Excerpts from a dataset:
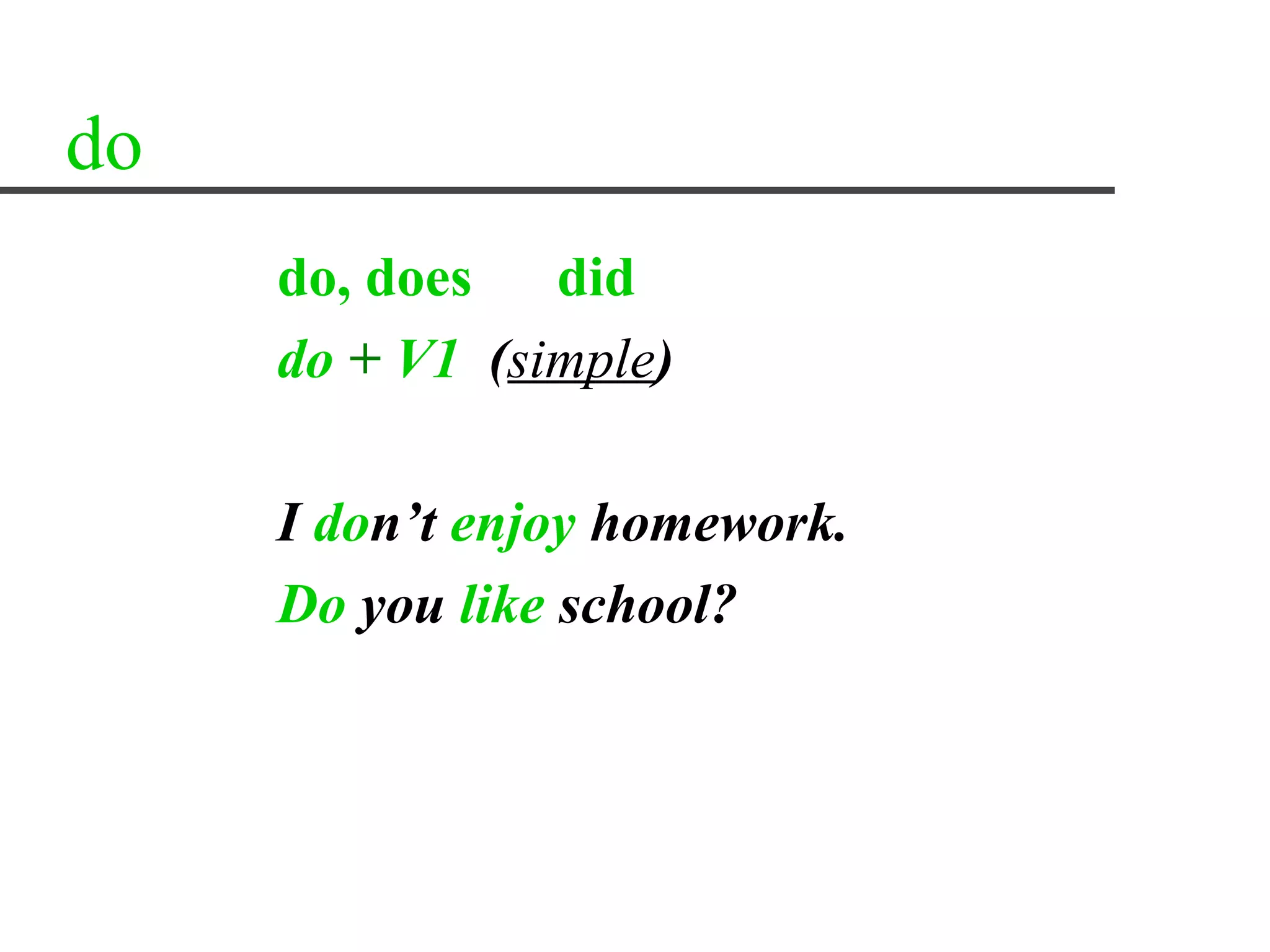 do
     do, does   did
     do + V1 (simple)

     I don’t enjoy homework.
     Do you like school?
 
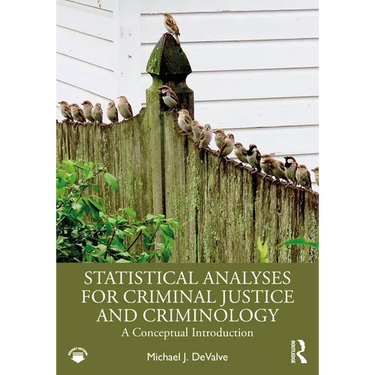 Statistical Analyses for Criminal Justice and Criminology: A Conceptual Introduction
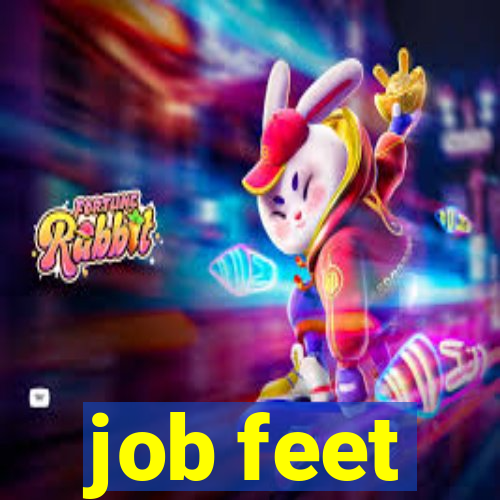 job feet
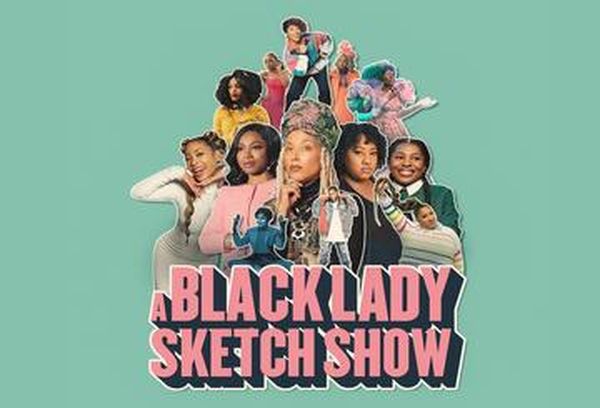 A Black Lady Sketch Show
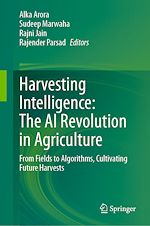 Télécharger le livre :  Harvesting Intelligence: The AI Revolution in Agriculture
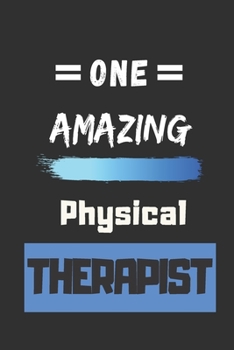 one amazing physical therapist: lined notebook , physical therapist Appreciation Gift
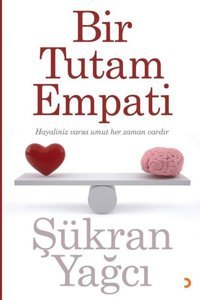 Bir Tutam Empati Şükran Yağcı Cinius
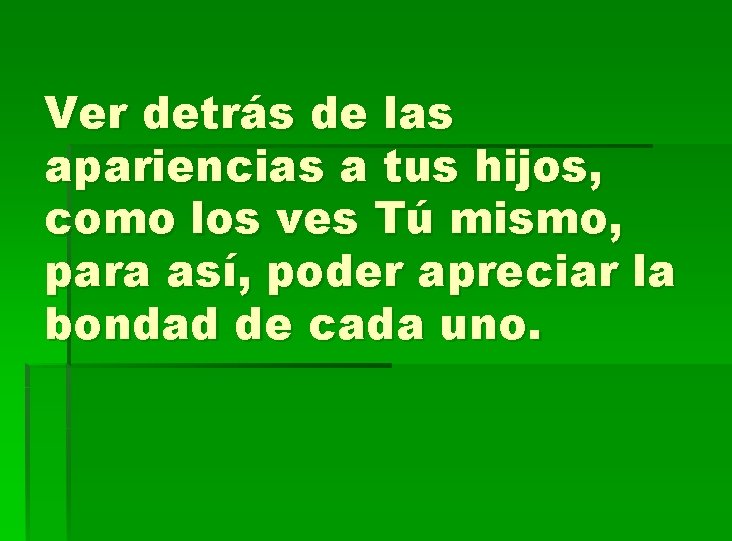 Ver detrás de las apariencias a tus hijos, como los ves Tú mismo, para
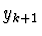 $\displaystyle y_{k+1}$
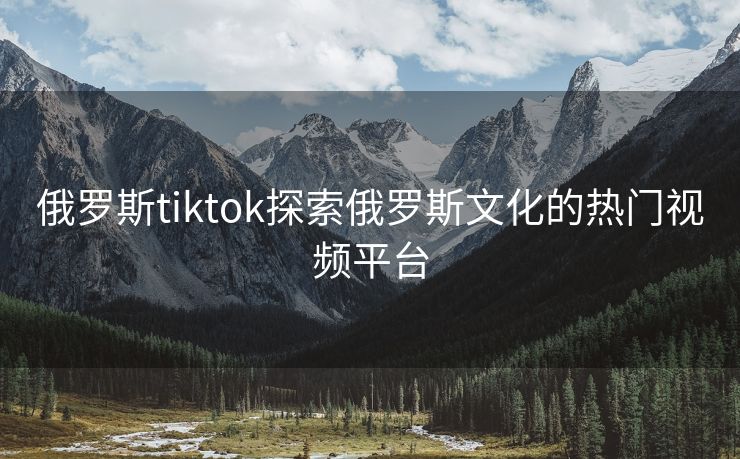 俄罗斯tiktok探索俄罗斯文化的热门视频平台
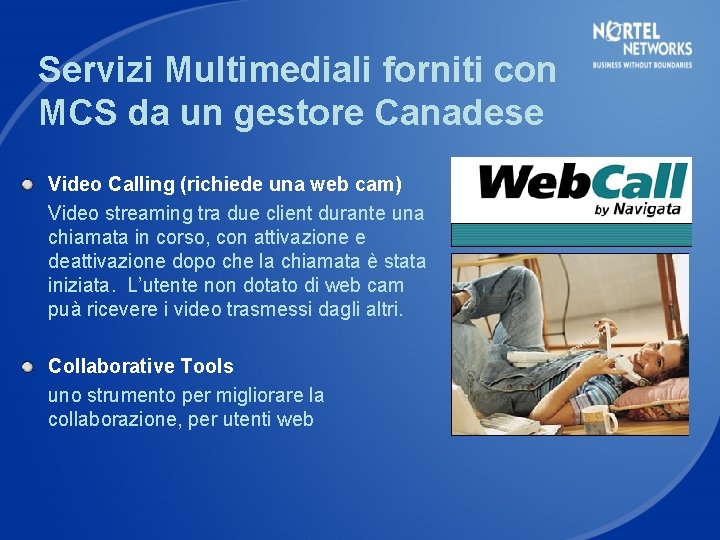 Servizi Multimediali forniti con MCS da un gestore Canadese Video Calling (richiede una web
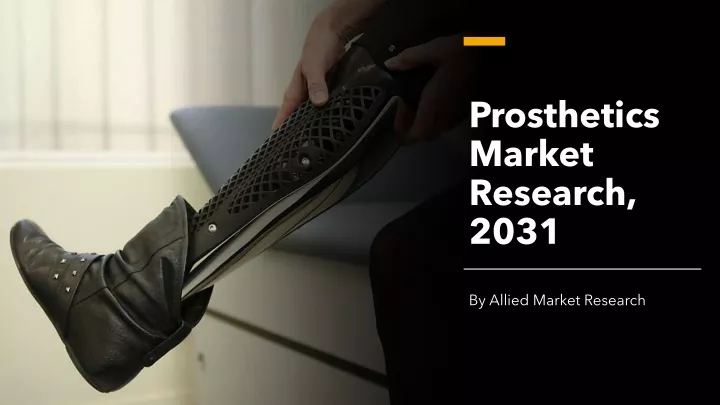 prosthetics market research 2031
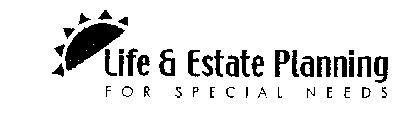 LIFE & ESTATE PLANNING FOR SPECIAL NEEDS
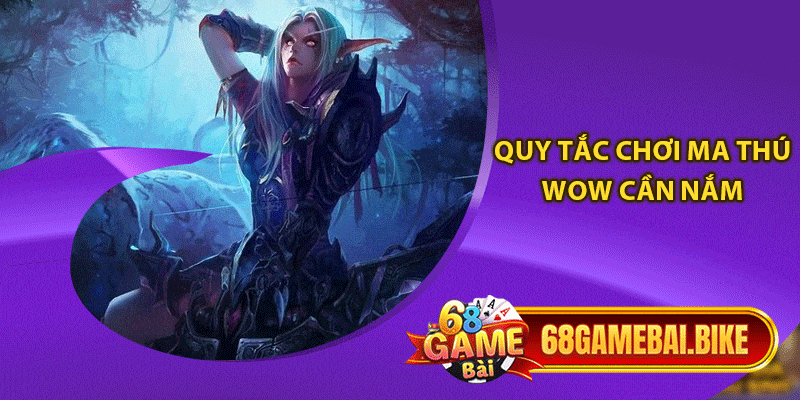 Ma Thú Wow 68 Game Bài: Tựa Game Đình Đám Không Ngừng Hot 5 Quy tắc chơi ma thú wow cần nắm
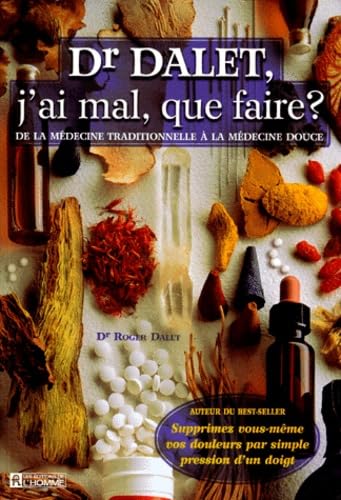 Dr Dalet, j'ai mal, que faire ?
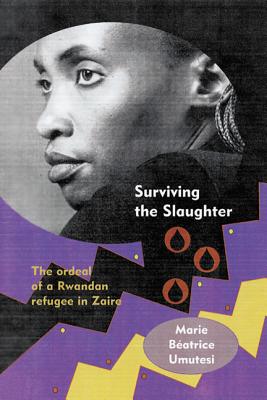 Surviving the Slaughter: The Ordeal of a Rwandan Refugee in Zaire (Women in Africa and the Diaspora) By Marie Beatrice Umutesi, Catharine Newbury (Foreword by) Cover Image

## WHAT THE TASK REQUIRES:
No picture is to be printed. Output exactly the lines above from the line containing "Télécharger le livre" through the line containing "LIFE & ESTATE PLANNING FOR SPECIAL NEEDS".

## EXERCISE OUTPUT:
 Télécharger le livre :  Harvesting Intelligence: The AI Revolution in Agriculture
 one amazing physical therapist: lined notebook , physical therapist Appreciation Gift
 Bir Tutam Empati Şükran Yağcı Cinius
 Ver detrás de las apariencias a tus hijos, como los ves Tú mismo, para
 $\displaystyle y_{k+1}$
 俄罗斯tiktok探索俄罗斯文化的热门视频平台
 Servizi Multimediali forniti con MCS da un gestore Canadese Video Calling (richiede una web
 prosthetics market research 2031
 LIFE & ESTATE PLANNING FOR SPECIAL NEEDS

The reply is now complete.